It’s time to go balls-out.

In yoga, we often express gratitude for what others have given us. It’s easy enough to recall how friends, family, colleagues, teachers, and students lend us a hand every now and then. For we know and have daily contact with these people. What about those we don’t know? What about the people who came before us and worked hard in the hope that they’d be providing us with a better future? They, too, deserve gratitude.

I’m grateful for the bold women—known and unknown, long gone and still living—who made (and make) all kinds of fuss and sacrifices. Without them, I’d either be farther up Shit’s Creek than I am now or in jail for opening my big mouth from time to time.

Take, for instance, Victoria Woodhull. I’ve mentioned her before, but I’d like to give her more than just a brief kudos. She took charge at a time when women in the U.S. were told to keep their mouths shut, that they had no place in the public sphere. Public affairs, you see, were for white men—after all, white men said time and again, it was their world. Woodhull defied that notion.

Sometimes, spotting and then nurturing the opportunity matters above all else.

Woodhull pushed for freedoms (note the plural) in the fullest sense: she called for liberation from gender, sexual, and racial roles; she and her sister ran a successful Wall Street firm ages before women were accepted as brokers; she ran for president in 1872, choosing the former slave Frederick Douglass as a VP running mate. Woodhull hit the scene long before the word “diversity” became a buzz word on college campuses, and more than a century before Geraldine Ferrara, Hillary Clinton, and President Obama ran for positions in the Executive Office.

Woodhull had to have known the deck was stacked against her at a time when all women and black men couldn’t vote; at a time when it was still very much legal to lynch any black person for any reason whatsoever; at a time when any woman could be labeled crazy and thrown into jail or tortured in asylums for dissenting against unfairness.

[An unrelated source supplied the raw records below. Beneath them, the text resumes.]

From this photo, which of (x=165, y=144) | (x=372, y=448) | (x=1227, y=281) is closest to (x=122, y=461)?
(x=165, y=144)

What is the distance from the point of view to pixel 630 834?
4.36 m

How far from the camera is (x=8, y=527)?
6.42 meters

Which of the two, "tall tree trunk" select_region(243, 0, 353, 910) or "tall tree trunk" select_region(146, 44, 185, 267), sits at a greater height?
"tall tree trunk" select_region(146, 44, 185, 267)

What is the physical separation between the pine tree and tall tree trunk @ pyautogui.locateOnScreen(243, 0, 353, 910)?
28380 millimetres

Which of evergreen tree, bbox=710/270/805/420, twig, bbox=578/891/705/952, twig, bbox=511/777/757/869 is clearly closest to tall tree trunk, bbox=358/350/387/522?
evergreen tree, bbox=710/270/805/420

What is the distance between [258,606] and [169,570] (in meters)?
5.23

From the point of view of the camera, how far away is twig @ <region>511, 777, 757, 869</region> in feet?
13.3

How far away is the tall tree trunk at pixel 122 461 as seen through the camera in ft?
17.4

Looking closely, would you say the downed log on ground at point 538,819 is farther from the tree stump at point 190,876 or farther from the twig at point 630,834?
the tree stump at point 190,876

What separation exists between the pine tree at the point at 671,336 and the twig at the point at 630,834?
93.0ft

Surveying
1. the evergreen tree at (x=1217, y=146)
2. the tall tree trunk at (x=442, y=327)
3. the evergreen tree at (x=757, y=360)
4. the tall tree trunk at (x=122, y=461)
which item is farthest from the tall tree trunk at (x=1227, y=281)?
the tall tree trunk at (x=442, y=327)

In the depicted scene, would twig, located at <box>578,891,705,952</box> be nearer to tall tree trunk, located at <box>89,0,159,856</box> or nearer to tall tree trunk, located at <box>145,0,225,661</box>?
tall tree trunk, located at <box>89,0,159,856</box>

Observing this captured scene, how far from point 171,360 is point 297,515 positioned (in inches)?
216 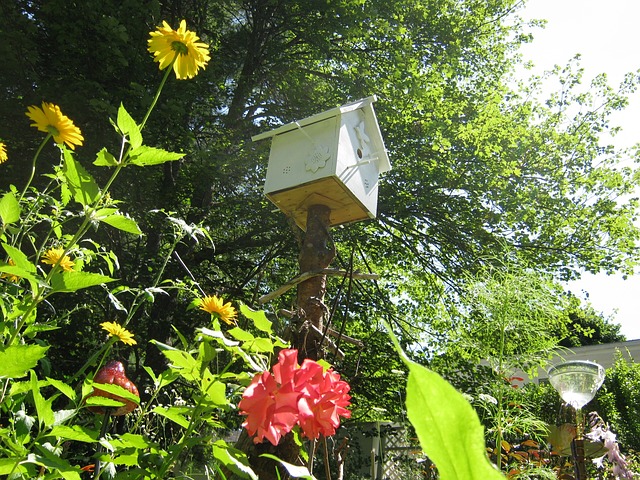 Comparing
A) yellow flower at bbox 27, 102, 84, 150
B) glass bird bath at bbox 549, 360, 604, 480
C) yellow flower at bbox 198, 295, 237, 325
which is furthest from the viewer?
glass bird bath at bbox 549, 360, 604, 480

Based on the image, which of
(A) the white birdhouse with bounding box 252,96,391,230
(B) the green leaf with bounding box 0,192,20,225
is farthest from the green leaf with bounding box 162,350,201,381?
(A) the white birdhouse with bounding box 252,96,391,230

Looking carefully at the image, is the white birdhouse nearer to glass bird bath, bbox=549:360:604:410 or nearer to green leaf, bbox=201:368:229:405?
glass bird bath, bbox=549:360:604:410

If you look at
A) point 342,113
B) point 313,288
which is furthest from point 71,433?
point 342,113

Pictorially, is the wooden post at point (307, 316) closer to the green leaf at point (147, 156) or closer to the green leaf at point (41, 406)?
the green leaf at point (41, 406)

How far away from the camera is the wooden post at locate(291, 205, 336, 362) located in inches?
70.3

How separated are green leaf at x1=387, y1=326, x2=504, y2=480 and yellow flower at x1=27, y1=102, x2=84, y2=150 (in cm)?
116

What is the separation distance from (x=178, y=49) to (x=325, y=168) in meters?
1.50

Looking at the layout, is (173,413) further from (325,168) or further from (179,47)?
(325,168)

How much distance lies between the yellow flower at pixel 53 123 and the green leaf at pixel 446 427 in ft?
3.79

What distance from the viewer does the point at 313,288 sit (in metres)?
2.15

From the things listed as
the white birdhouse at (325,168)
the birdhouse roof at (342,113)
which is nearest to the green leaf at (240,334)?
the white birdhouse at (325,168)

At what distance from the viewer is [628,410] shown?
8.94 m

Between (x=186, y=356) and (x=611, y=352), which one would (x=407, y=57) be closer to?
(x=186, y=356)

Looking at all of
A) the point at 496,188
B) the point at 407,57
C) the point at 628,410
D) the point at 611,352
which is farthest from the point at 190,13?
the point at 611,352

She smartly noted that no laws prohibited women from running for office, and she jumped into the opportunity with all her gusto.

Like many other bold defenders of true liberty and true justice, Woodhull suffered great consequences—jail terms, harassment, and reputation-wrecking slander. She was forced to sit in jail on election day. It’s not like she missed out on voting for herself for president—as a woman she wouldn’t have been able to vote, anyway.

Despite her bold attempts at making history, she’s largely unremembered in American history. Many history-making women have been swept under the rug; their voices have been buried. It’s up to us—men and women alike—to unearth them, learn from, and honor them.

To all the women reading this: Can you imagine not being able to vote or choose a job outside the home or define your own sexuality or freely express your opinions? To all the men reading this: Do you think public affairs benefit by the participation of the women you know?

Even if we don’t see changes happening, they’re happening.

Change is always occurring, even if invisibly so. It’s a matter of reaching for and rolling over the crest. The transition from feudalism to capitalism was a 400-year process, so moving into a sweeter humanity is possible, even if painfully slow. The fight for what is deservedly ours by birthright is not finished—ask teenaged girls forced into prostitution, ask brown-skinned and poor people sitting in jail for nothing, ask anyone who has lost a job or a home, ask those who have been beaten because of sexual preference or race.

Now is not the time to sit back and be all glorious with the concept of Self when so many human beings are destroying one another and the planet. Now is not the time to use yogic detachment as an excuse to tune out the world we live in—the world we live in is by no means an illusion. That world exists, and pretending it doesn’t amounts to rubber stamping a Yes! to the craziness.

If we don’t roll up our sleeves and strive for something else, we’ll end up with a real sorry nothing. That means learning from history and taking a stand today. With all our hearts, we gotta start going balls out.